Eventually, Lisa was able to work the holding screw off the squirrel-cage fan, remove the old motor, and fit the new one into place and re-attach the holding screw. After that, she very carefully moved the condenser unit back into place and secured it. Then came the second-most difficult part: the wiring.

AC Fan Motor Wiring (Before Replacement)

Lisa took this picture of the wiring before starting work and had me print it for her to use as reference up on the roof. These wires run to the fan motor (out of sight to the left where the wires come together) from the starting capacitor, thermal cut-out, ground, and on to the controls down inside the trailer.

As rather expected, the wires on the replacement fan are not long enough, as it was cut out of a salvaged unit.
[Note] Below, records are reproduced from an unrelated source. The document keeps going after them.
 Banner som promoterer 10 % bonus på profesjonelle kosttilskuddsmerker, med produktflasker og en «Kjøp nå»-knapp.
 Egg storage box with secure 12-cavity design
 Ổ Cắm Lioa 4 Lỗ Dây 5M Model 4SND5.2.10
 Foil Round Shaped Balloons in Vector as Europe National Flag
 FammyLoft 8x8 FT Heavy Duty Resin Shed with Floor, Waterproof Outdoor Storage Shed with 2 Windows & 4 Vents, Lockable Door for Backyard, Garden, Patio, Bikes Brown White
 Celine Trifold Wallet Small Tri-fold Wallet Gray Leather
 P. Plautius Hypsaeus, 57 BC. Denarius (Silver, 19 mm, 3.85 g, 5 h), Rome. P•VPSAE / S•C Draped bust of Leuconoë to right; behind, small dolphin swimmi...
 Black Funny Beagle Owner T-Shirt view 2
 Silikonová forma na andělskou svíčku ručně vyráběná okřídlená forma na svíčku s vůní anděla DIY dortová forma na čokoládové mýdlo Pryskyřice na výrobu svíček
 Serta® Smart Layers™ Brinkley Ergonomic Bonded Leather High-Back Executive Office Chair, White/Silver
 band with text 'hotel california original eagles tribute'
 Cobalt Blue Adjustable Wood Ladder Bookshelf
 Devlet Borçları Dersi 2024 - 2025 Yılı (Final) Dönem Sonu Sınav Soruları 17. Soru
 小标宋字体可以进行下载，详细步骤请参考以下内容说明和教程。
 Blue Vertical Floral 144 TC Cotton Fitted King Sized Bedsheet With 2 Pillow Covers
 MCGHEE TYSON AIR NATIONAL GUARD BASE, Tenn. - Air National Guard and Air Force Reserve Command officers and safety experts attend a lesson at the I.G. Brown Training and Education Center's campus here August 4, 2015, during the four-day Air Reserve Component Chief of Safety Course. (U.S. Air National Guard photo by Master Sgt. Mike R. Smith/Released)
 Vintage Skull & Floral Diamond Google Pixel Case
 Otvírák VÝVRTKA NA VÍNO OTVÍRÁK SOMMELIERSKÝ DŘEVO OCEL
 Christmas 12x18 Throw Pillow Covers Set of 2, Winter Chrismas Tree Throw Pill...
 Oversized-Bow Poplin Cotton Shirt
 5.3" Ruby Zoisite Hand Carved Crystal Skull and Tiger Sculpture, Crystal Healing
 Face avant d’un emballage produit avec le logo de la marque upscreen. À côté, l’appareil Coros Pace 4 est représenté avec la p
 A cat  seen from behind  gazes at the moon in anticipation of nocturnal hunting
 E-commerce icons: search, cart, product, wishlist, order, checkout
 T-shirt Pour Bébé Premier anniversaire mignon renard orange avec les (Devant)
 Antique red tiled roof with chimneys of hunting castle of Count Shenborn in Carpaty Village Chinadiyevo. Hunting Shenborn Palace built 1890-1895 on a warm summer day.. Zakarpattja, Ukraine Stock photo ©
Lisa thus had to strip and splice wires, securing them with wire nuts. We did not get a photo of the result, but I reckon it's a bit tidier than the original. I'll try to remember to ask her to get a photo before she puts the top cover back on the unit.

With the motor back in place, the fans secured, and the wiring done, it was time to try the acid test. Lisa came down from the roof, plugged the power back in (everything was unplugged while she was working on it, of course), and turned on the switch. The fan immediately sprang to life! Then she cut in the condenser and waited a few minutes. Cold air!

We're not completely finished, but after putting away all of the tools and doing initial tidying up, Lisa was completely beat, and I don't blame her. All I did was sit in the shade and fetch tools when needed. (Lisa was in the shade as well, from the carport shelter. Also, it was cooler today, with the air temperature only 27°C in the shade rather than ten degrees hotter like it was last week.)

The swamp cooler will stay in place until at least tomorrow. I suggested that Lisa run the tank town all the way. (Swamp cooler pump motors are designed to run dry without harm.) That way it will be easier to take down, as the cooler is very light without any water in it.

I plan to see if we can have the existing motor rebuilt, as we assume it's either the bearings or the windings, and it would be good to have a working spare should this one give out. It's hard to complain too much about how long this one has lasted: 25 years.

Should everything work as planned, we'll start the rest of the clean-up and tear-down, and box up the swamp cooler and clear the "ziggurat" of pallets in the carport tomorrow or over the weekend. I'm really glad this worked, and that we were able to work around the problems until the part arrived and Lisa could make the repairs.